D’ailleurs, avoir une grande disponibilité en temps pour les enfants, jusqu’à un certain âge, se défend parfaitement. A nouveau, cette attitude envers les enfants en bas âge ne peut être imputée, de manière simpliste, à une sorte de culture arriérée musulmane, comme certains l’écrivent.

Or, ces femmes ne savent souvent pas la langue allemande, pour ne pas mentionner le suisse-allemand. En ce cas, un effort, pas autoritaire, d’apprentissage des langues – ce que la Suède a fait – ne devrait pas être négligé.

Mais je le répète, il y a un double problème : tout d’abord, la non-maîtrise de la langue maternelle qui rend difficile l’apprentissage d’une langue étrangère ; et l’inexistence d’une impulsion à l’apprentissage, socialement acceptable et accompagné par des personnes de sa communauté ainsi que des Suisses.

Donc, la maladie ou l’accident est une véritable tragédie. Et je pense que le penchant à prévenir cette tragédie, à l’empêcher, à l’écarter pousse des travailleurs et des travailleuses à ne pas reconnaître un accident ou une maladie ; qui s’impose à eux plus les jours passent, qui envahit de plus en plus le corps et l’esprit.

Quand on entend parler d’abus, on ne peut au mieux que se dire : ceux qui l’affirment vivent sur une autre planète. Certes, ce n’est pas le cas des dirigeants patrons de l’UDC et du Parti radical ou du PDC (démocrates-chrétiens). Leur boussole indique un seul nord, maintenir les marges bénéficiaires en jouant sur trois variables : le salaire, l’intensité et la durée du travail, et le minimum de stocks de produits intermédiaires ou de capital « immobilisé » pour les machi­nes. Ces dernières sont en leasing à temps déterminé, et non plus achetées.

« L’invention d’un emploi fictif »

Passons à un autre problème. La Suva peut décider qu’un dossier doit être clos.
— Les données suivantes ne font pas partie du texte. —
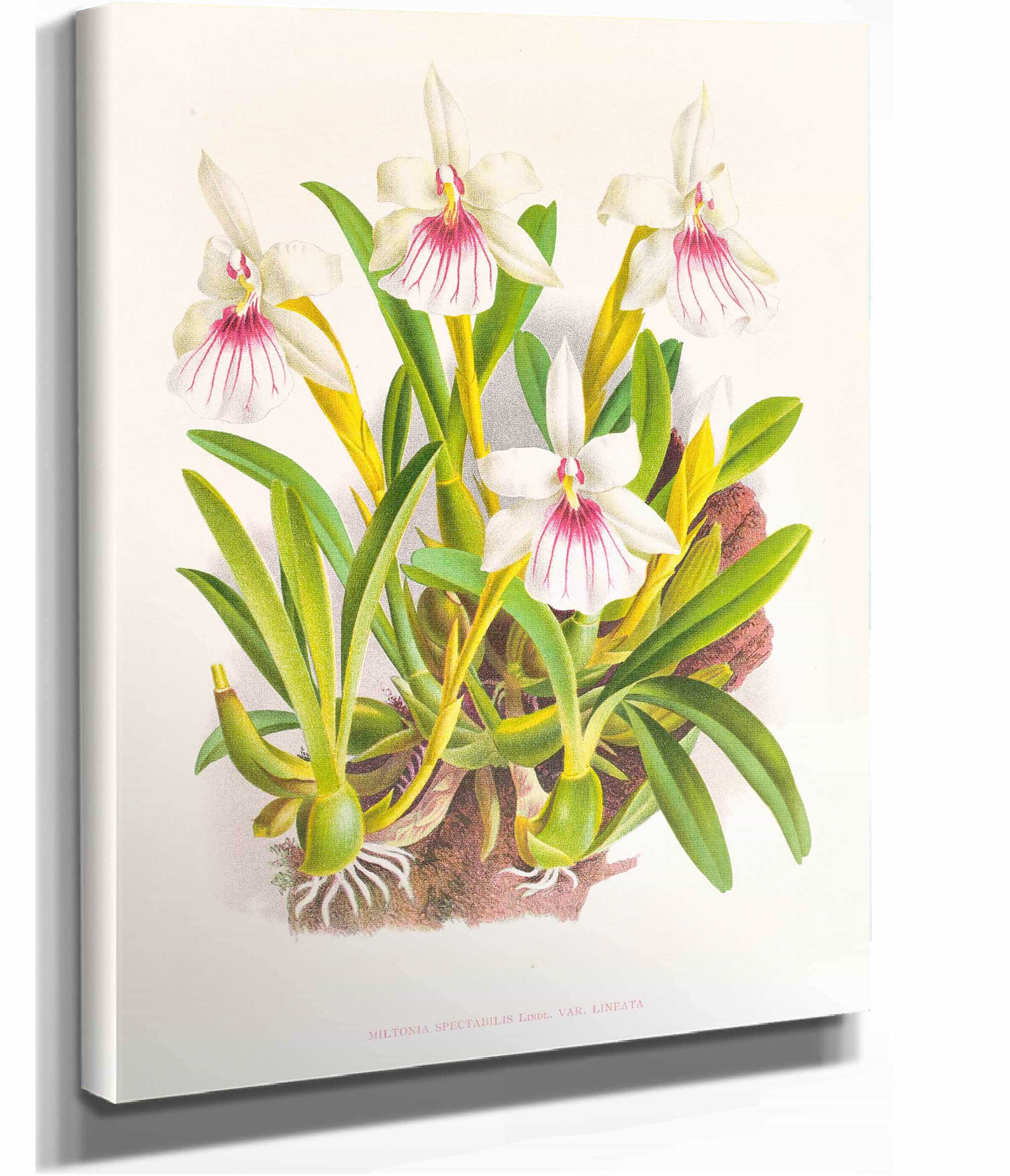 Miltonia Spectabilis by Jean Jules Linden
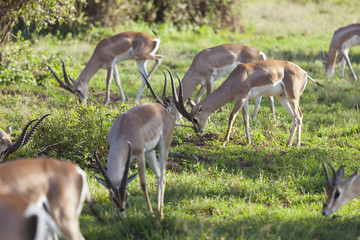 Gazelles in Amboseli, Kenya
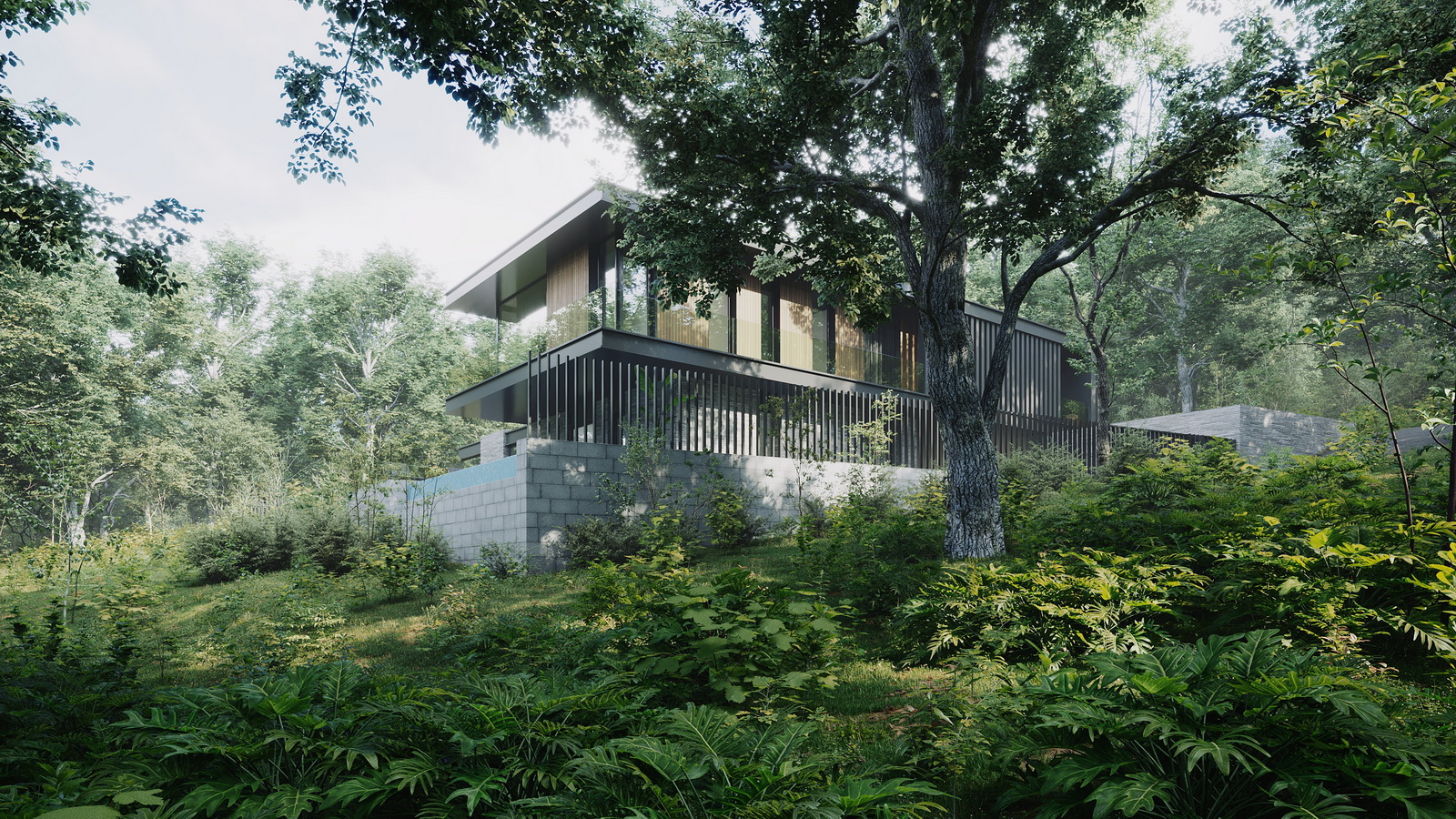 Project image 6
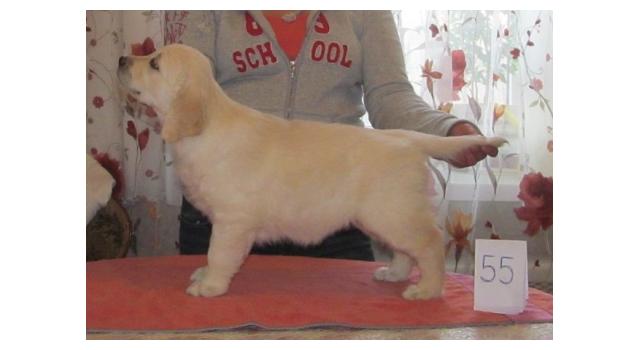 Щенки золотистого ретривера в питомнике Goldberry Щенки золотистого ретривера в питомнике Goldberry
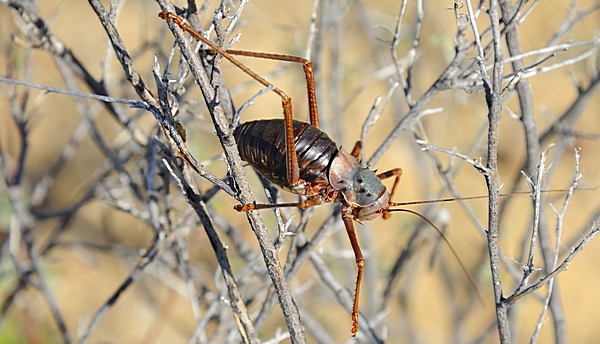 Grille, Tettigoniidae sp.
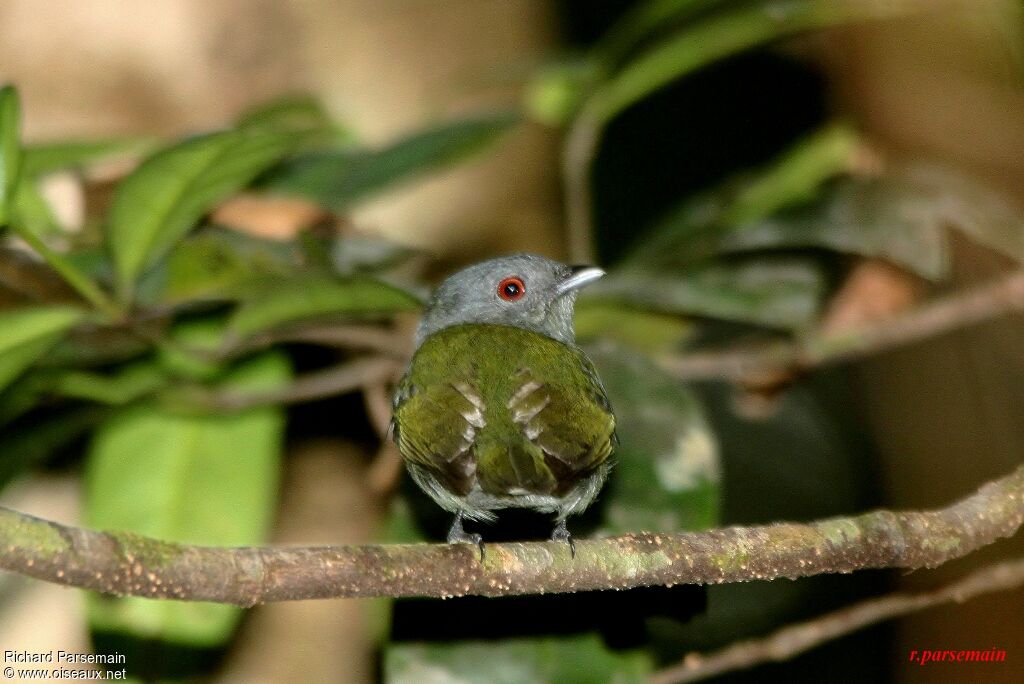 Manakin à tête blanche femelle adulte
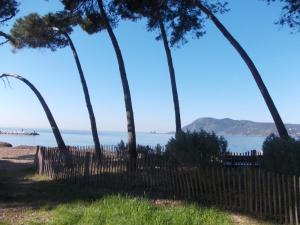 Appartements T2 climatise a 500m de la plage sur la presqu'ile de Saint Mandrier sur Mer : photos des chambres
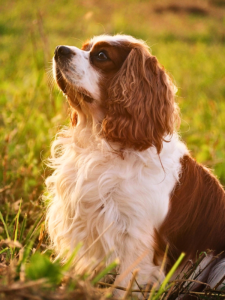 low maintenance small dog breeds for first-time owners Cavalier King Charles Spaniel indoors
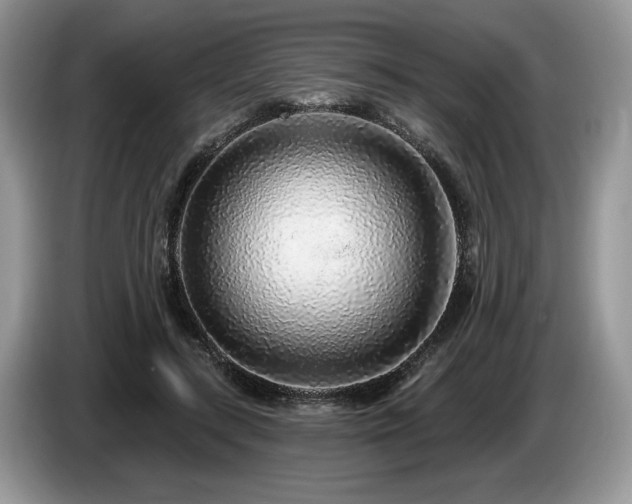 X0000087570547200704271249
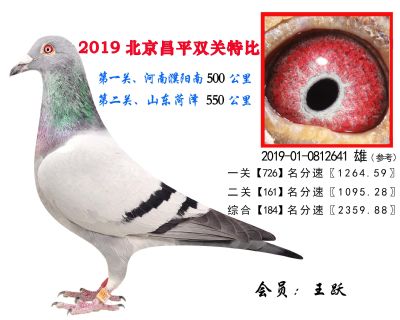 王跃.184.2019-01-0812641 雄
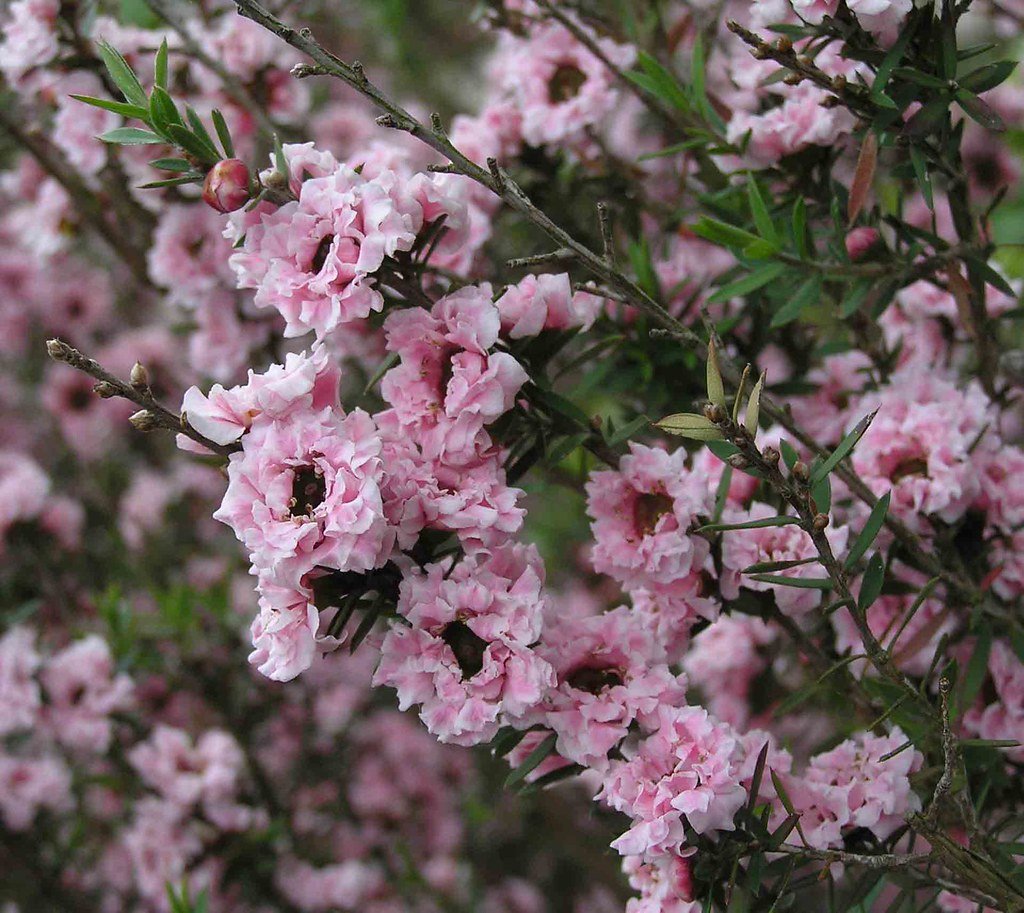Leptospermum Wiri Adriene - Ladybird Nursery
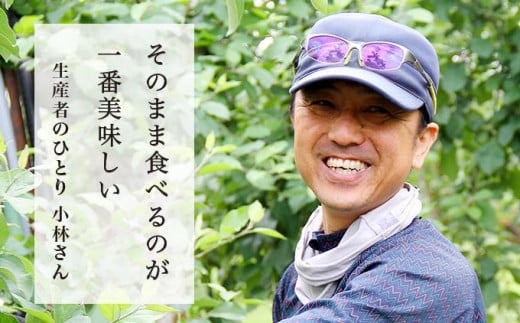 元調理師の小林さんが「そのまま食べるのが一番」と太鼓判を押すりんご。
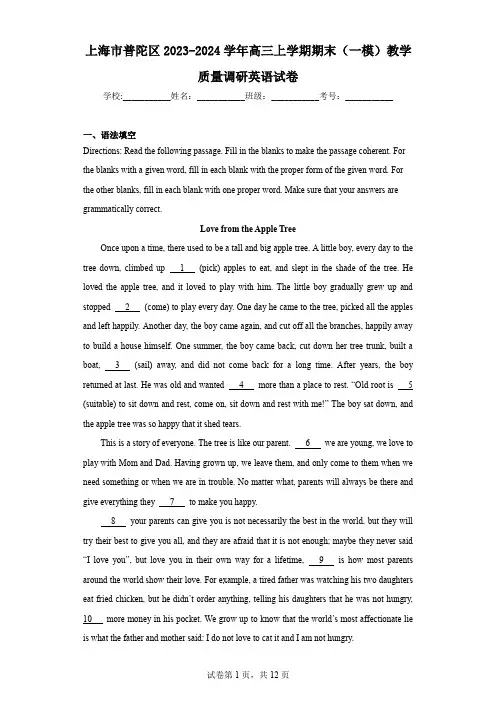 上海市普陀区2023-2024学年高三上学期期末(一模)教学质量调研英语试卷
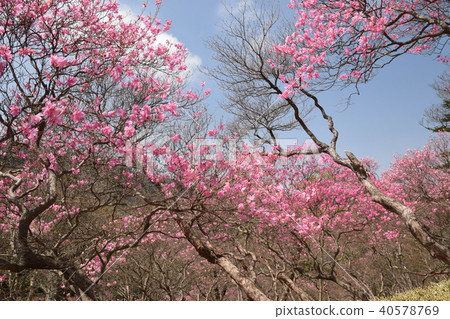 紅棕櫚樹組 40578769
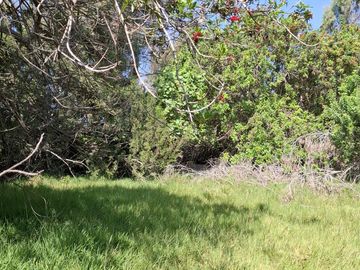 SE VENDE TERRENO DE 17,212 M2 EN BUJAMA, MALA, CAÑETE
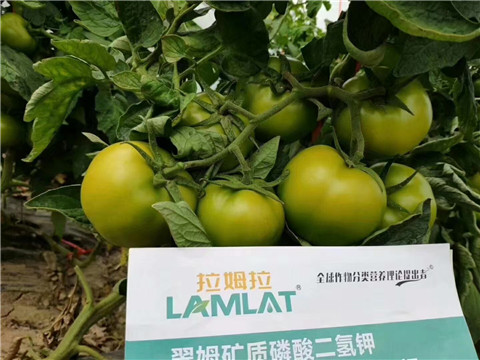 磷酸二氫鉀，鈣肥，水溶肥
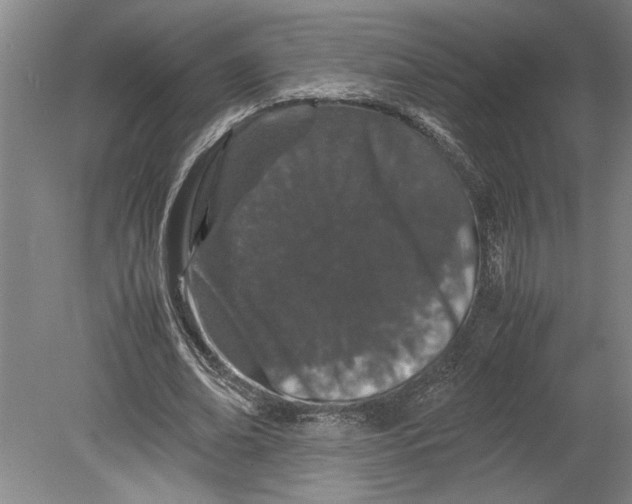 X0000080800678200701021250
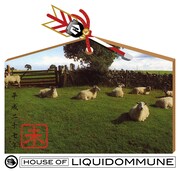 「HOUSE OF LIQUIDOMMUNE」フライヤー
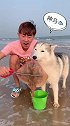 主人带二哈开心去海边烧烤，看开心乖巧的样子真可爱，萌萌哒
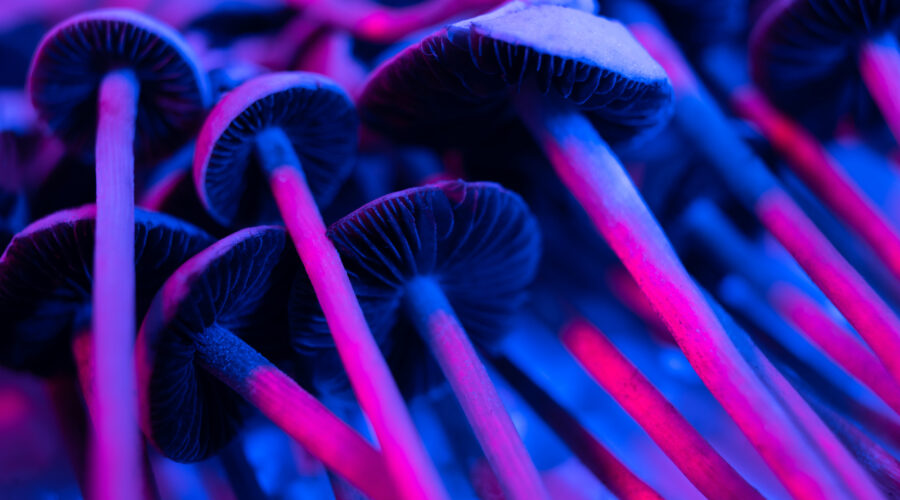 Blue Meanie Mushrooms (Panaeolus cyanescens): Potency, Effects & Identification (2026)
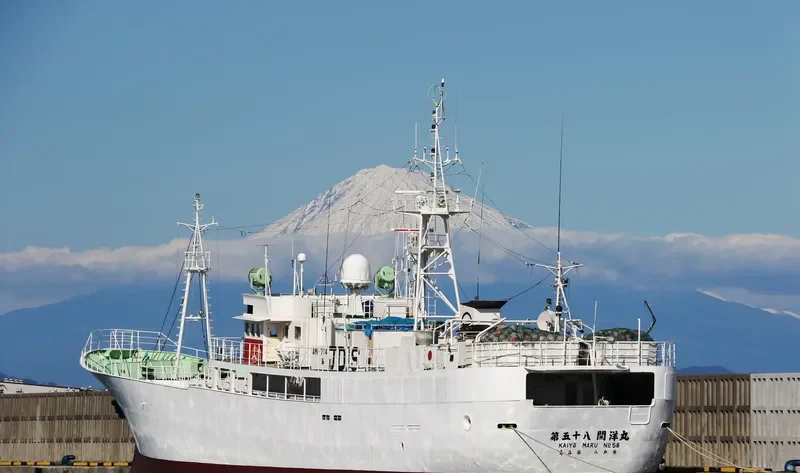 KAIYO MARU NO.58 General Cargo IMO 9072783 photo 8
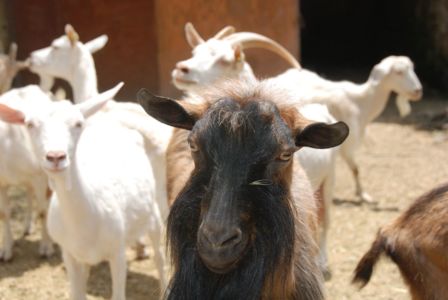 Goats for daily fresh cheese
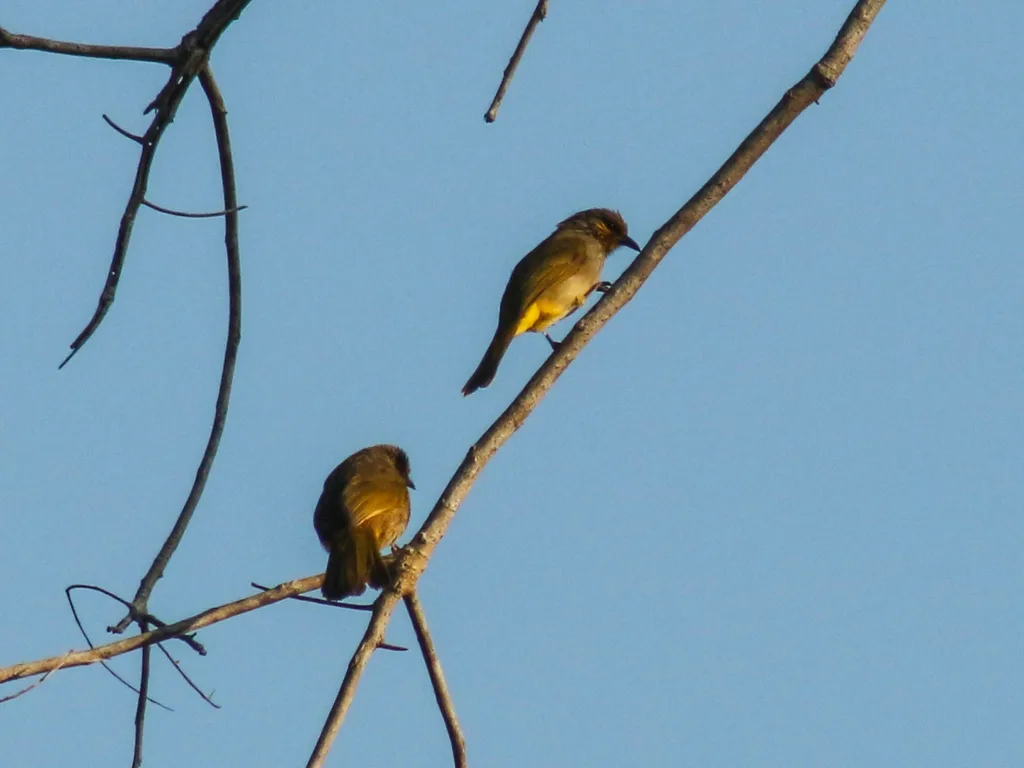 纹喉鹎(Pycnonotus finlaysoni)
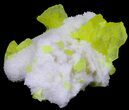 Sulfur Crystals on Aragonite - Italy #39016-2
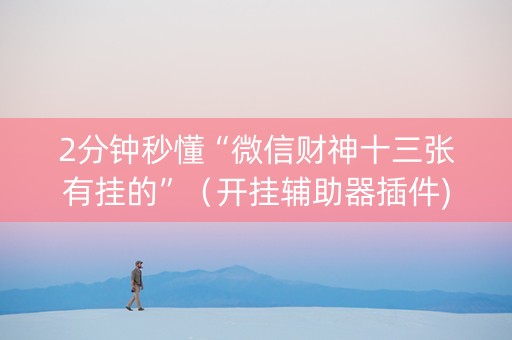 2分钟秒懂“微信财神十三张有挂的”（开挂辅助器插件)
Elle détermine un taux d’incapacité de gain de 40 % – c’est-à-dire un taux d’invalidité (!), puisque c’est le seul critère en Suisse – avec une rente très basse et l’obligation de trouver un travail qu’il est pratiquement impossible de dénicher selon les critères déterminés par la Suva ou l’AI.

Plusieurs fois, j’ai eu l’expérience directe d’un travailleur à qui l’on disait qu’il était apte à exercer une profession, cela à partir de critères tels qu’être en position assise ou debout, selon un certain rythme, de ne lever que 5 kg, etc. Cela correspond à… une profession qui n’existe pas dans le monde réel : 60 % d’un travail léger – en cas de taux d’invalidité de 40 % pour faire image – cela n’existe pas dans le monde d’aujourd’hui.

Par la suite, c’est ce travailleur ou cette travailleuse qui avec cette profession fictive doit se rendre à la caisse de chômage. Les employés de la caisse de chômage savent que ce type de travail n’existe pas. Ils peuvent lui verser les indemnités. Mais, le travail­leur perd toute confiance en lui-même, car le chômage devient le signal matériel d’une incapacité construite à trouver un emploi. Et aujourd’hui, si on n’est pas 100 % en forme, on ne résiste pas longtemps sur un chantier. Peut-être que quel­ques contremaîtres très qualifiés peuvent se réadapter.

Suite à un tel parcours, le travailleur ou la travailleuse demandeur d’un tel emploi illusoire se trouve dans une situation de misère matérielle et, de plus, il ou elle subit une humiliation démoralisante.

Là on entre dans, si j’ose utiliser la formule, une tragédie durable, avec une déprime profonde, une perte d’estime de soi-même ; d’autant plus que l’appui social et psychologique bien effectué est rare.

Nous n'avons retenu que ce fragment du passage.